■ **DIRECTIONS**: Only the lines below from the one containing "Certified 2017 Ford" through the one containing "Jansom Beach Resort 30/67" belong in the answer, set down exactly, with the pictures left out.

■ **RECORD SET**:
____________________

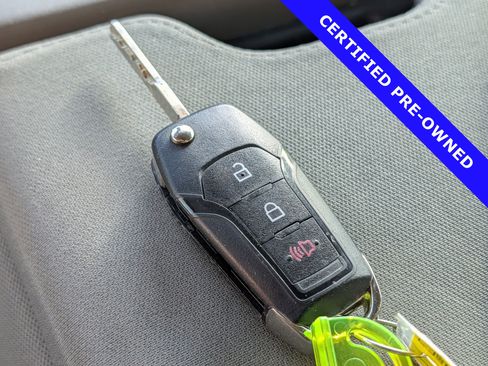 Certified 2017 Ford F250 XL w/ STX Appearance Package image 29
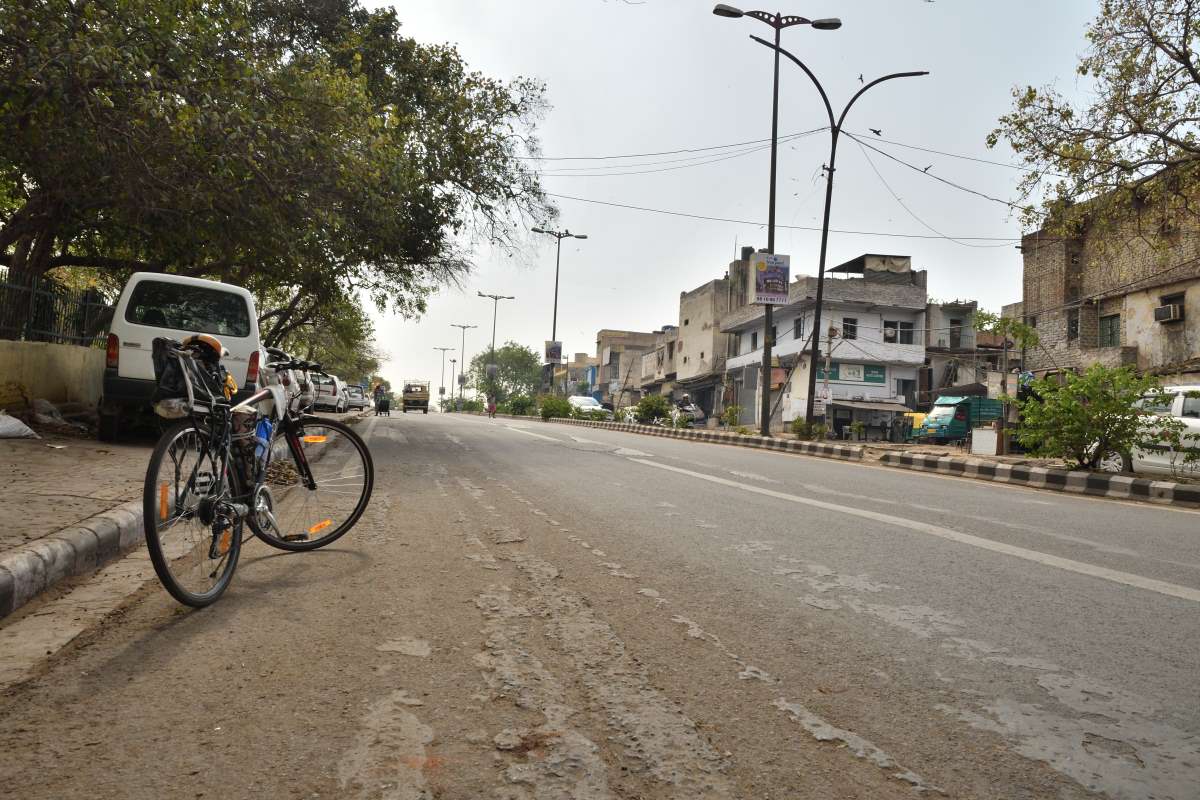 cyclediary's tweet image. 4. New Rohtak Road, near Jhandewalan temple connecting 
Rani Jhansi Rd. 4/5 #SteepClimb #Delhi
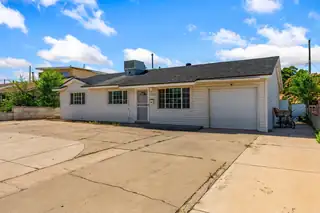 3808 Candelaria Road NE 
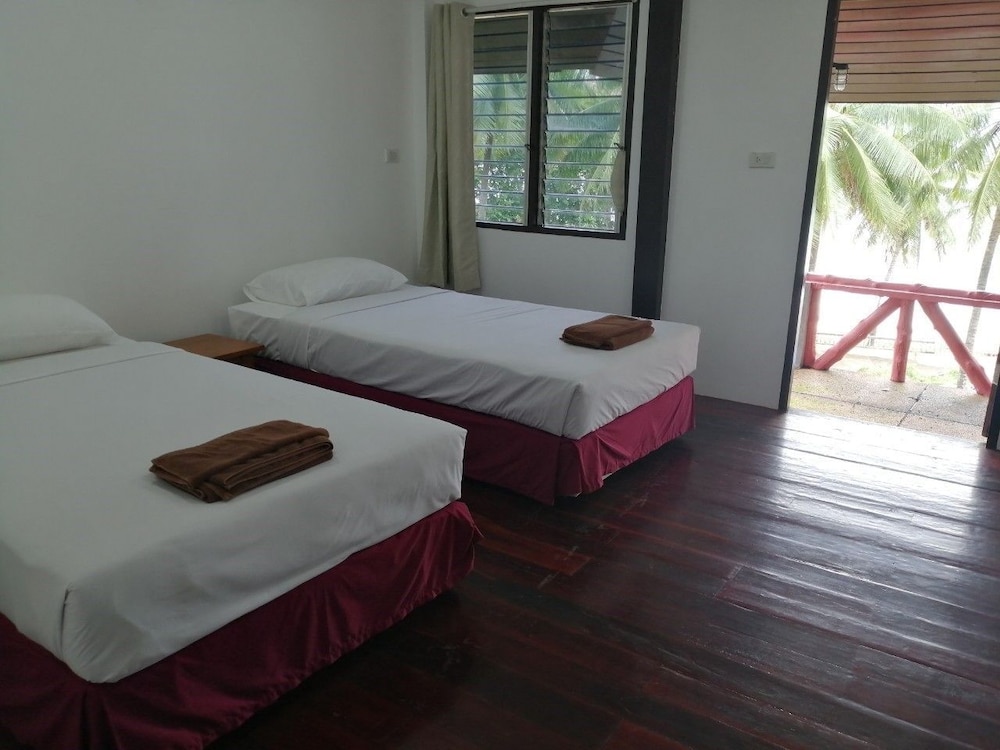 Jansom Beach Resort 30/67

____________________

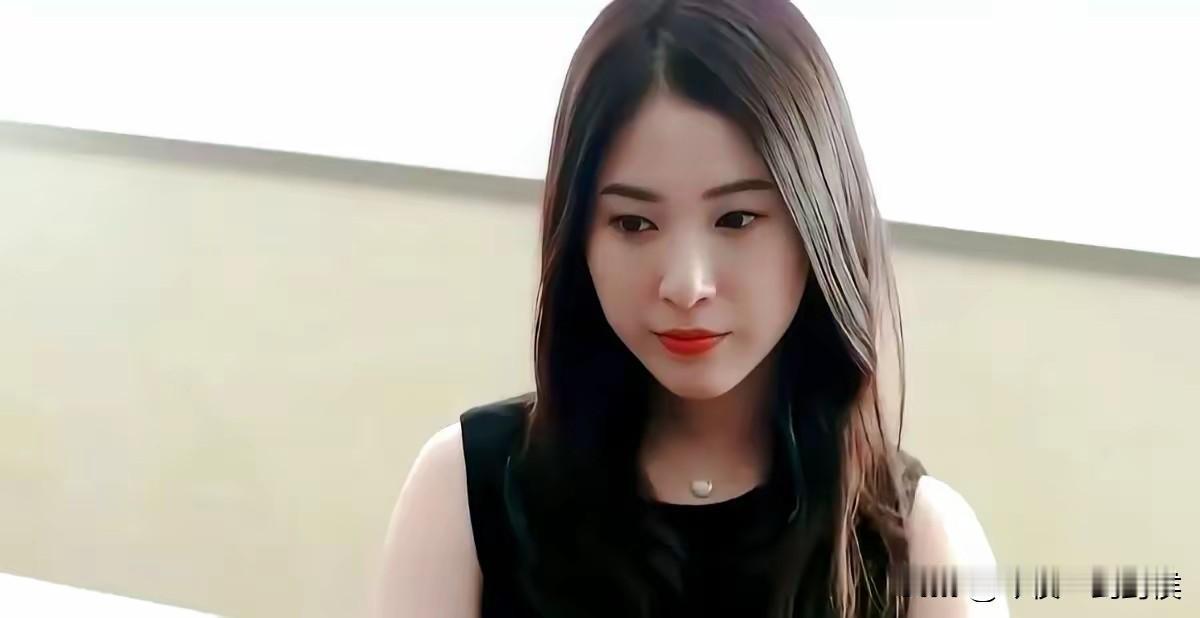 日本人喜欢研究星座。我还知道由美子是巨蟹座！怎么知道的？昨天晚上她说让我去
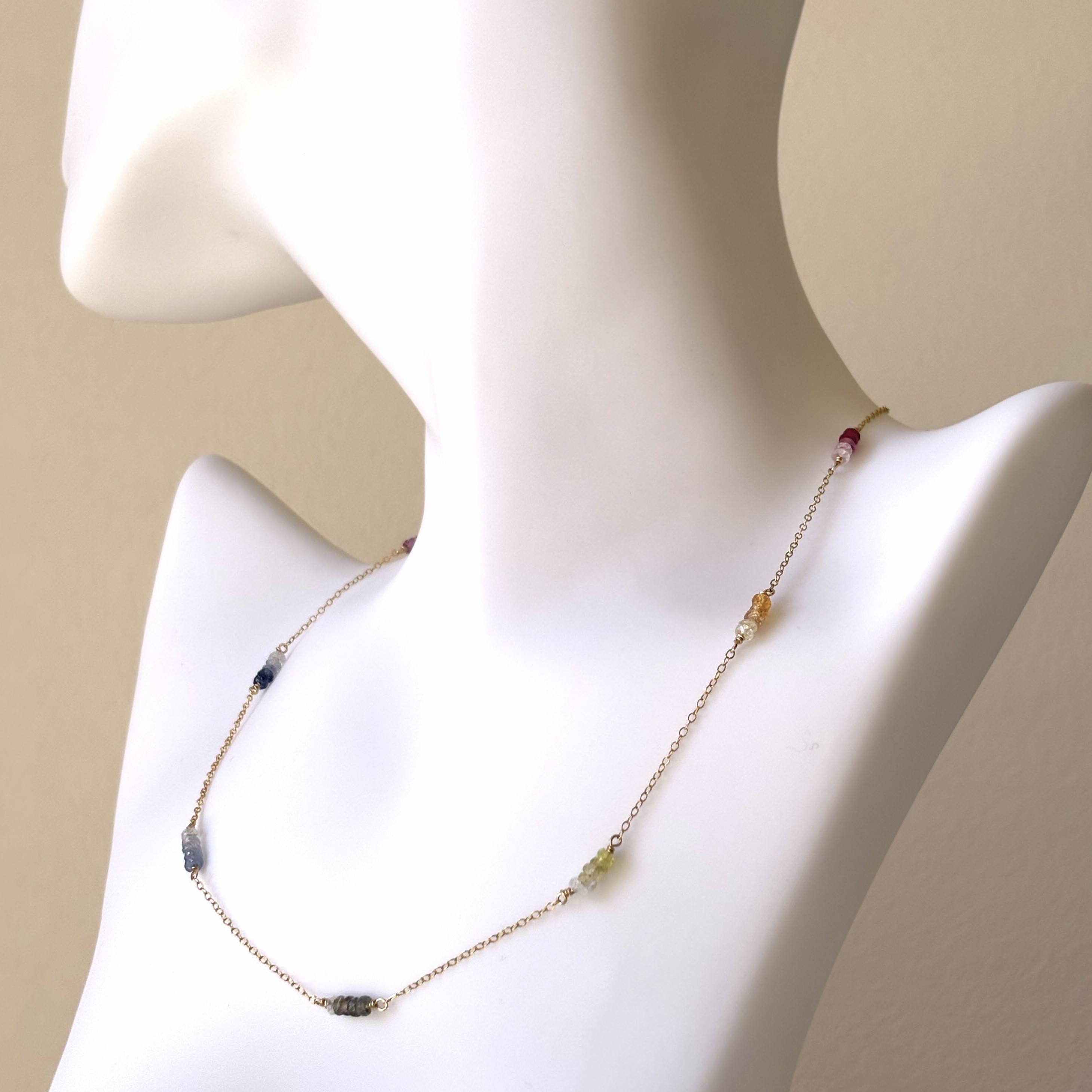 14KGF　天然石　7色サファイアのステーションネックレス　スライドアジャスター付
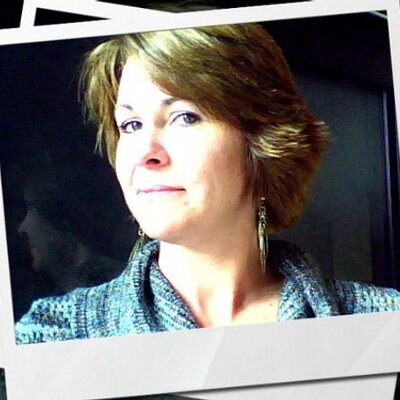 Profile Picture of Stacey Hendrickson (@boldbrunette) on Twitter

____________________

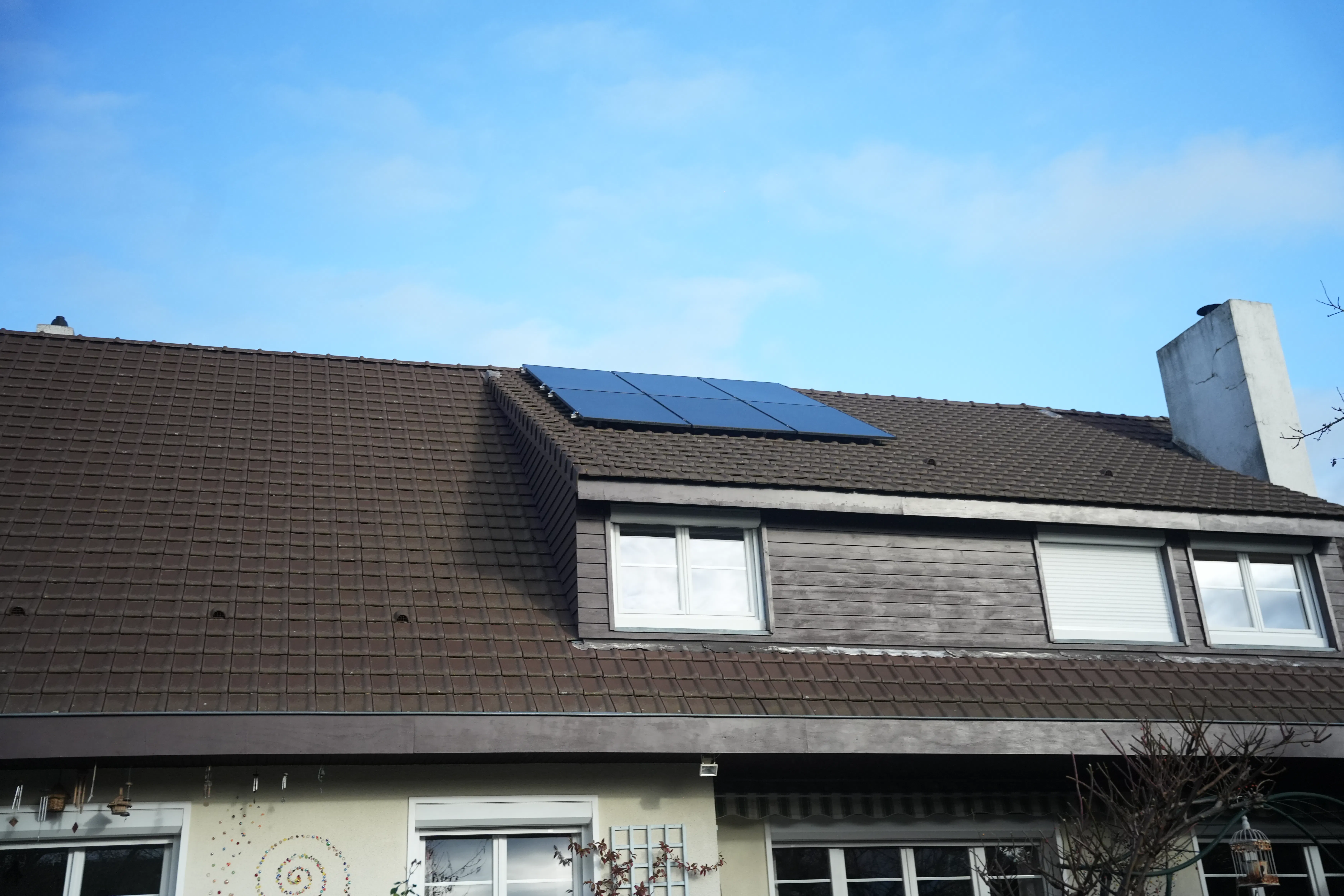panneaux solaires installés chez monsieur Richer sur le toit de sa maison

____________________

■ **EXPECTED ANSWER**:
 Certified 2017 Ford F250 XL w/ STX Appearance Package image 29
 cyclediary's tweet image. 4. New Rohtak Road, near Jhandewalan temple connecting 
Rani Jhansi Rd. 4/5 #SteepClimb #Delhi
 3808 Candelaria Road NE 
 Jansom Beach Resort 30/67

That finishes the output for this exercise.